> Your goal
Write out all the data below exactly.
----
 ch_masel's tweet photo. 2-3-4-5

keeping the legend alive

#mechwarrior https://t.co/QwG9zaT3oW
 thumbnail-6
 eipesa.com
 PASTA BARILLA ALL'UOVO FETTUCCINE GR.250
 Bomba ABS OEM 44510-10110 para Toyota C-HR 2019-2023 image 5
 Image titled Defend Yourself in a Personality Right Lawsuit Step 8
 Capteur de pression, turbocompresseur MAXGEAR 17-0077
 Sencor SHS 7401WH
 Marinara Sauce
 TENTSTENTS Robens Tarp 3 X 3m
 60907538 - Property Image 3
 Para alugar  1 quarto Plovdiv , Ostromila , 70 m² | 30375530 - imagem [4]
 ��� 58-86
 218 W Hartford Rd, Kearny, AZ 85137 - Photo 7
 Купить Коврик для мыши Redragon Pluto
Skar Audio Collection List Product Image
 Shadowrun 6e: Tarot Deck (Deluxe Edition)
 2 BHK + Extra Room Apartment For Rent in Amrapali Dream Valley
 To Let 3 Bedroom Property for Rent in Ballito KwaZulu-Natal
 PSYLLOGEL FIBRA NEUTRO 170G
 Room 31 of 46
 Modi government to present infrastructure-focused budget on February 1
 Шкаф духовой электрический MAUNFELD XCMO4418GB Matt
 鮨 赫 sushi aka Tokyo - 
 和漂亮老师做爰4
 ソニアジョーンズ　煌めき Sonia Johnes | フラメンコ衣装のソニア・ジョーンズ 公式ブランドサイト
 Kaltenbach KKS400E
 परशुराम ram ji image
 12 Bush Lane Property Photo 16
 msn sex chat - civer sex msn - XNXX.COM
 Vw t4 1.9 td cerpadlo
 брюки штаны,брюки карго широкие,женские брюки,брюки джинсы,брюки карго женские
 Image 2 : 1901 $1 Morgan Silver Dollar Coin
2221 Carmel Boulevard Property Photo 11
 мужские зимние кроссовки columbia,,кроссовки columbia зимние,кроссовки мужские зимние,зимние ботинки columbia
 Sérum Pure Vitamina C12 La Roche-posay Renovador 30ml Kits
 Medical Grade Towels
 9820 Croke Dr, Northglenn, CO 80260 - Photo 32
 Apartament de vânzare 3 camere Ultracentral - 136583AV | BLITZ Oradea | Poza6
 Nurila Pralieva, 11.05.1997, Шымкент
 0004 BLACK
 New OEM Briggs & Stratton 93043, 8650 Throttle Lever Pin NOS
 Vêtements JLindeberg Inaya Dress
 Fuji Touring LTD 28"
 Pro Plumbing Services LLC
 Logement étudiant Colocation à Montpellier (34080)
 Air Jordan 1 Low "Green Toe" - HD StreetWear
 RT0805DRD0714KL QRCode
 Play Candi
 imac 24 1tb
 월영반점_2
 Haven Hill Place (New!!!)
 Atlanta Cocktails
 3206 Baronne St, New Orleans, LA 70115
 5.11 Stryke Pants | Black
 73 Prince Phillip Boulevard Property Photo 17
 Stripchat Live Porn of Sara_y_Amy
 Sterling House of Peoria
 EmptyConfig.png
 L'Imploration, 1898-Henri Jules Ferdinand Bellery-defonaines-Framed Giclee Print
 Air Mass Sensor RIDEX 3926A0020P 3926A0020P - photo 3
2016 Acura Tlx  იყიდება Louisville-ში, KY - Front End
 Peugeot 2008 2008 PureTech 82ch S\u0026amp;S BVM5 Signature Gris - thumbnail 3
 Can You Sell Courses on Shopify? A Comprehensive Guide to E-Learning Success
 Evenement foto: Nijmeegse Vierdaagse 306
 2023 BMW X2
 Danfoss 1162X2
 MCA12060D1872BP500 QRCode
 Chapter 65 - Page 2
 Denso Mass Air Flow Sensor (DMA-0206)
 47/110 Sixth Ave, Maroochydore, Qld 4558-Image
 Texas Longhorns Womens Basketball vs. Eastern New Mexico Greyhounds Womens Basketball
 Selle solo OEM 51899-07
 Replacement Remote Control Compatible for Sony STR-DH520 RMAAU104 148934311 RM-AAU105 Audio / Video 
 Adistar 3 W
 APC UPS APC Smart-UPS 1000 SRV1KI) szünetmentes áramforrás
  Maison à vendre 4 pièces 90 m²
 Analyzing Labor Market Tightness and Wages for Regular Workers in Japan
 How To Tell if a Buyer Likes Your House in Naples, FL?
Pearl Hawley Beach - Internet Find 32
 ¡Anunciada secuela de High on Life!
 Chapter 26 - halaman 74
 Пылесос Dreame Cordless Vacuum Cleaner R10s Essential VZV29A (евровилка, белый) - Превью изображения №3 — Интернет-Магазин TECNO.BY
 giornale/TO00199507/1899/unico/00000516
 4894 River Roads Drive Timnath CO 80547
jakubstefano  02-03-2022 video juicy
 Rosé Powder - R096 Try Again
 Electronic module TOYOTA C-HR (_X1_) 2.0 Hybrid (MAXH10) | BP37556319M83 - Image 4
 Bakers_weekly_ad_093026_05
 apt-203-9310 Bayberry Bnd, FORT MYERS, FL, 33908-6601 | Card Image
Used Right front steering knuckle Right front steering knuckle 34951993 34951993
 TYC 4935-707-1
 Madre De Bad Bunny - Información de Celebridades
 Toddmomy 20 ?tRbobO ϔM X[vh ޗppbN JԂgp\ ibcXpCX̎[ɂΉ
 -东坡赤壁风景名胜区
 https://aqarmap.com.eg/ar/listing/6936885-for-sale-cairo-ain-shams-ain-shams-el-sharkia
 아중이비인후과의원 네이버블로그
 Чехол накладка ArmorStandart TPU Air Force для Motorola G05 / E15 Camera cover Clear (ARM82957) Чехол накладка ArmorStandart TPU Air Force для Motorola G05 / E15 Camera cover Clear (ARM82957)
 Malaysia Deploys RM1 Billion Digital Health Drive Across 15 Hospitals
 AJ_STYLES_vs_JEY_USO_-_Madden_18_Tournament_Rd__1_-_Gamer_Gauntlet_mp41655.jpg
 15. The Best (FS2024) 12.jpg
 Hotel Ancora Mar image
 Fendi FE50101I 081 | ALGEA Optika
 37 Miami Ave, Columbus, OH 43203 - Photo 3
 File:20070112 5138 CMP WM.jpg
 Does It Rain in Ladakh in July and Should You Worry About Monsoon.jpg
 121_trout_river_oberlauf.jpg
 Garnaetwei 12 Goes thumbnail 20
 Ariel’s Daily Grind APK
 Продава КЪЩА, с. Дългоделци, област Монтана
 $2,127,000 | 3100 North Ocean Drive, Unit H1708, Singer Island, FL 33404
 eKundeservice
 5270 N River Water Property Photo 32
----
> Solution
 ch_masel's tweet photo. 2-3-4-5

keeping the legend alive

#mechwarrior https://t.co/QwG9zaT3oW
 thumbnail-6
 eipesa.com
 PASTA BARILLA ALL'UOVO FETTUCCINE GR.250
 Bomba ABS OEM 44510-10110 para Toyota C-HR 2019-2023 image 5
 Image titled Defend Yourself in a Personality Right Lawsuit Step 8
 Capteur de pression, turbocompresseur MAXGEAR 17-0077
 Sencor SHS 7401WH
 Marinara Sauce
 TENTSTENTS Robens Tarp 3 X 3m
 60907538 - Property Image 3
 Para alugar  1 quarto Plovdiv , Ostromila , 70 m² | 30375530 - imagem [4]
 ��� 58-86
 218 W Hartford Rd, Kearny, AZ 85137 - Photo 7
 Купить Коврик для мыши Redragon Pluto
Skar Audio Collection List Product Image
 Shadowrun 6e: Tarot Deck (Deluxe Edition)
 2 BHK + Extra Room Apartment For Rent in Amrapali Dream Valley
 To Let 3 Bedroom Property for Rent in Ballito KwaZulu-Natal
 PSYLLOGEL FIBRA NEUTRO 170G
 Room 31 of 46
 Modi government to present infrastructure-focused budget on February 1
 Шкаф духовой электрический MAUNFELD XCMO4418GB Matt
 鮨 赫 sushi aka Tokyo - 
 和漂亮老师做爰4
 ソニアジョーンズ　煌めき Sonia Johnes | フラメンコ衣装のソニア・ジョーンズ 公式ブランドサイト
 Kaltenbach KKS400E
 परशुराम ram ji image
 12 Bush Lane Property Photo 16
 msn sex chat - civer sex msn - XNXX.COM
 Vw t4 1.9 td cerpadlo
 брюки штаны,брюки карго широкие,женские брюки,брюки джинсы,брюки карго женские
 Image 2 : 1901 $1 Morgan Silver Dollar Coin
2221 Carmel Boulevard Property Photo 11
 мужские зимние кроссовки columbia,,кроссовки columbia зимние,кроссовки мужские зимние,зимние ботинки columbia
 Sérum Pure Vitamina C12 La Roche-posay Renovador 30ml Kits
 Medical Grade Towels
 9820 Croke Dr, Northglenn, CO 80260 - Photo 32
 Apartament de vânzare 3 camere Ultracentral - 136583AV | BLITZ Oradea | Poza6
 Nurila Pralieva, 11.05.1997, Шымкент
 0004 BLACK
 New OEM Briggs & Stratton 93043, 8650 Throttle Lever Pin NOS
 Vêtements JLindeberg Inaya Dress
 Fuji Touring LTD 28"
 Pro Plumbing Services LLC
 Logement étudiant Colocation à Montpellier (34080)
 Air Jordan 1 Low "Green Toe" - HD StreetWear
 RT0805DRD0714KL QRCode
 Play Candi
 imac 24 1tb
 월영반점_2
 Haven Hill Place (New!!!)
 Atlanta Cocktails
 3206 Baronne St, New Orleans, LA 70115
 5.11 Stryke Pants | Black
 73 Prince Phillip Boulevard Property Photo 17
 Stripchat Live Porn of Sara_y_Amy
 Sterling House of Peoria
 EmptyConfig.png
 L'Imploration, 1898-Henri Jules Ferdinand Bellery-defonaines-Framed Giclee Print
 Air Mass Sensor RIDEX 3926A0020P 3926A0020P - photo 3
2016 Acura Tlx  იყიდება Louisville-ში, KY - Front End
 Peugeot 2008 2008 PureTech 82ch S\u0026amp;S BVM5 Signature Gris - thumbnail 3
 Can You Sell Courses on Shopify? A Comprehensive Guide to E-Learning Success
 Evenement foto: Nijmeegse Vierdaagse 306
 2023 BMW X2
 Danfoss 1162X2
 MCA12060D1872BP500 QRCode
 Chapter 65 - Page 2
 Denso Mass Air Flow Sensor (DMA-0206)
 47/110 Sixth Ave, Maroochydore, Qld 4558-Image
 Texas Longhorns Womens Basketball vs. Eastern New Mexico Greyhounds Womens Basketball
 Selle solo OEM 51899-07
 Replacement Remote Control Compatible for Sony STR-DH520 RMAAU104 148934311 RM-AAU105 Audio / Video 
 Adistar 3 W
 APC UPS APC Smart-UPS 1000 SRV1KI) szünetmentes áramforrás
  Maison à vendre 4 pièces 90 m²
 Analyzing Labor Market Tightness and Wages for Regular Workers in Japan
 How To Tell if a Buyer Likes Your House in Naples, FL?
Pearl Hawley Beach - Internet Find 32
 ¡Anunciada secuela de High on Life!
 Chapter 26 - halaman 74
 Пылесос Dreame Cordless Vacuum Cleaner R10s Essential VZV29A (евровилка, белый) - Превью изображения №3 — Интернет-Магазин TECNO.BY
 giornale/TO00199507/1899/unico/00000516
 4894 River Roads Drive Timnath CO 80547
jakubstefano  02-03-2022 video juicy
 Rosé Powder - R096 Try Again
 Electronic module TOYOTA C-HR (_X1_) 2.0 Hybrid (MAXH10) | BP37556319M83 - Image 4
 Bakers_weekly_ad_093026_05
 apt-203-9310 Bayberry Bnd, FORT MYERS, FL, 33908-6601 | Card Image
Used Right front steering knuckle Right front steering knuckle 34951993 34951993
 TYC 4935-707-1
 Madre De Bad Bunny - Información de Celebridades
 Toddmomy 20 ?tRbobO ϔM X[vh ޗppbN JԂgp\ ibcXpCX̎[ɂΉ
 -东坡赤壁风景名胜区
 https://aqarmap.com.eg/ar/listing/6936885-for-sale-cairo-ain-shams-ain-shams-el-sharkia
 아중이비인후과의원 네이버블로그
 Чехол накладка ArmorStandart TPU Air Force для Motorola G05 / E15 Camera cover Clear (ARM82957) Чехол накладка ArmorStandart TPU Air Force для Motorola G05 / E15 Camera cover Clear (ARM82957)
 Malaysia Deploys RM1 Billion Digital Health Drive Across 15 Hospitals
 AJ_STYLES_vs_JEY_USO_-_Madden_18_Tournament_Rd__1_-_Gamer_Gauntlet_mp41655.jpg
 15. The Best (FS2024) 12.jpg
 Hotel Ancora Mar image
 Fendi FE50101I 081 | ALGEA Optika
 37 Miami Ave, Columbus, OH 43203 - Photo 3
 File:20070112 5138 CMP WM.jpg
 Does It Rain in Ladakh in July and Should You Worry About Monsoon.jpg
 121_trout_river_oberlauf.jpg
 Garnaetwei 12 Goes thumbnail 20
 Ariel’s Daily Grind APK
 Продава КЪЩА, с. Дългоделци, област Монтана
 $2,127,000 | 3100 North Ocean Drive, Unit H1708, Singer Island, FL 33404
 eKundeservice
 5270 N River Water Property Photo 32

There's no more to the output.